I think it was Deputy O'Leary who said here last week that their policy had been misrepresented. Maybe that is true. We have all had that experience. I think one reason why it was misrepresented was that there was a proposal announced somewhere by some Labour Party spokesman that they proposed to nationalise Guinness's and Waterford Glass.

That is nonsense. That is not in our policy.

I heard a Labour Party spokesman on television say that.

It is not official Labour Party policy.

Well, the person who said it was Dr. Browne.

Our official policy was announced in January and I am very surprised to hear Deputy Cosgrave joining the mudslingers.

The Deputy was very free with his comments on us, but he resents being told some of the truths.

You voted with the Government on the ESB (Special Provisions) Bill.

To preserve the lives of the people and we will do it again if necessary, but I believe it was a mistake to try to operate an Act that was unworkable.

I am against nationalising Guinness's or nationalising Waterford Glass. That was Labour Party policy announced by one spokesman for the Labour Party.

That is not Labour Party policy. The Deputy is just slinging mud.

Well, Dr. Browne is a Labour Party spokesman. I am against that. I believe it is not in the workers' interest, it is not in the people's interest.

(Interruptions.)

Deputy Cosgrave should be allowed to make his speech.

(Interruptions.)

No Deputy is going to put me off my speech. I have been too long in the game for that.

You are trying to cover up your departure from the Just Society, that you do not believe in it any more.

Obviously, the Labour Party feel in a defensive position on this because that was said on the radio or on the television.

And they chose the spokesman.

Acting Chairman

Deputy Cosgrave must be allowed to make his speech.

We have advocated the participation of workers. I spoke last year in the Television Club in Harcourt Street and I expressed what I believe is the general concern of a very large number of people in this country that there must be a far greater participation by workers in the running of business. I expressed then, and I want to repeat now, that that does not mean that the concern should be nationalised. I am all in favour of nationalising Potez, something that has failed. If anyone suggests nationalising that, he will have my full support. Anything to resurrect a "dead duck" like that in any form will have my support. But I think it is all wrong to suggest that the interests of this country or, above all, the interests of the workers can be helped, assisted, promoted or encouraged by nationalising concerns that have been established, not with State capital, not with capital provided from the taxpayer, but with the work and risk of Irish people putting their own money into it.
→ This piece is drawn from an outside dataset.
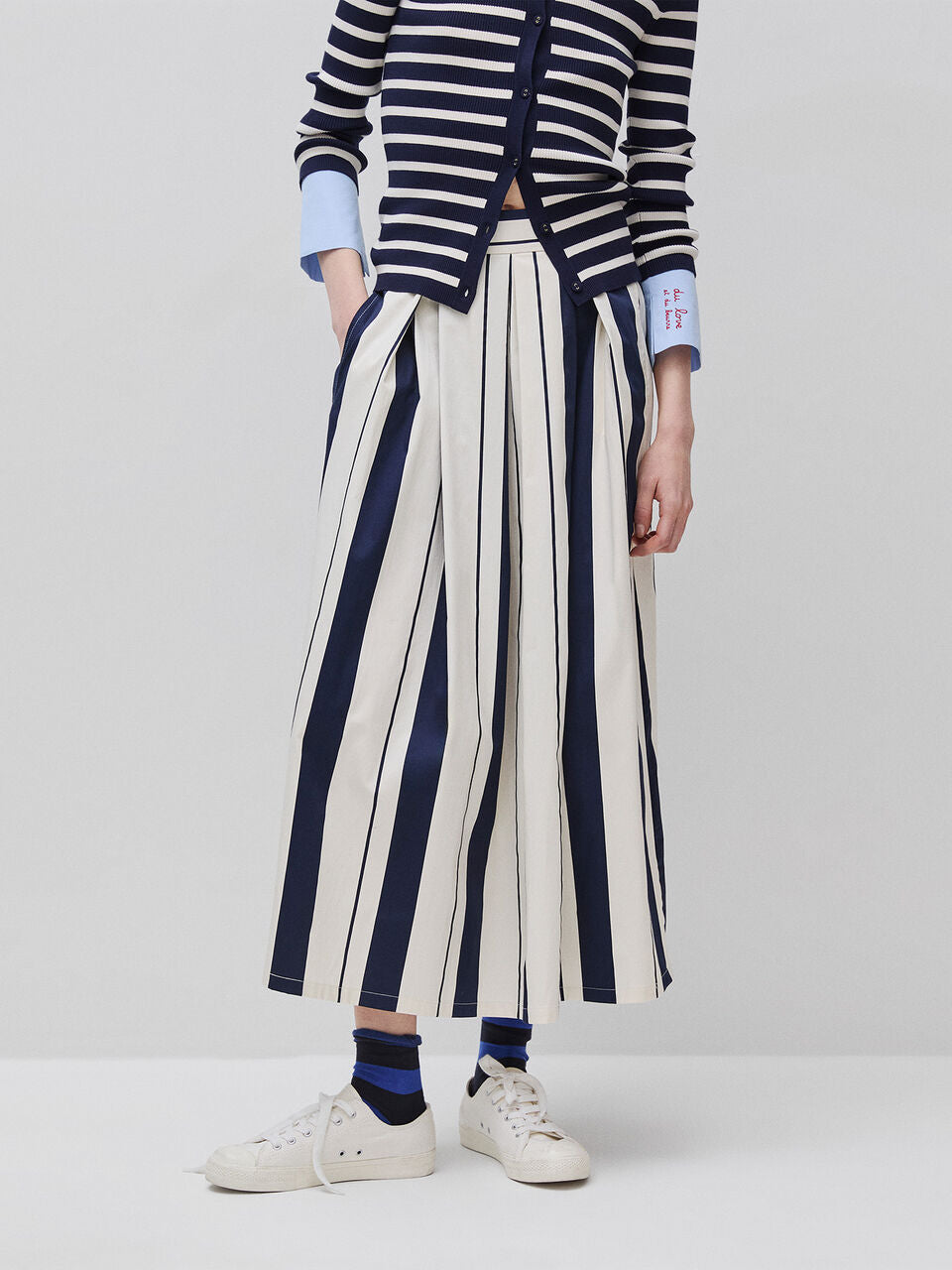 STRIPED SATIN MIDI SKIRT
We tried, and the late Deputy Norton tried as a member of the inter-Party Government—he went abroad and we went abroad with him as members of that Government or as representatives of it, jointly and severally— to get foreign capital in here. We succeeded in cases like the Whitegate oil refinery because we were able to attract capital here, encouraging them and giving them the confidence that, not merely would they get a return on their money invested here, but that it would not be nationalised at the whim of political opportunists who suggested that it should be nationalised. That is our policy and that was the policy that got in here the Whitegate oil refinery. I reject any suggestion of nationalisation as being against the workers' interests and against the interests of this country. Not merely would it prevent capital coming in, but it might result in capital going out. It might result, maybe, in capital moving out because of instability and insecurity and because of the fact that we may become some type of Cuban Republic in which any sort of political adventurer who secures office can wipe out the established sweat and work not merely of the managers but also of the workers and those who are employed in a business.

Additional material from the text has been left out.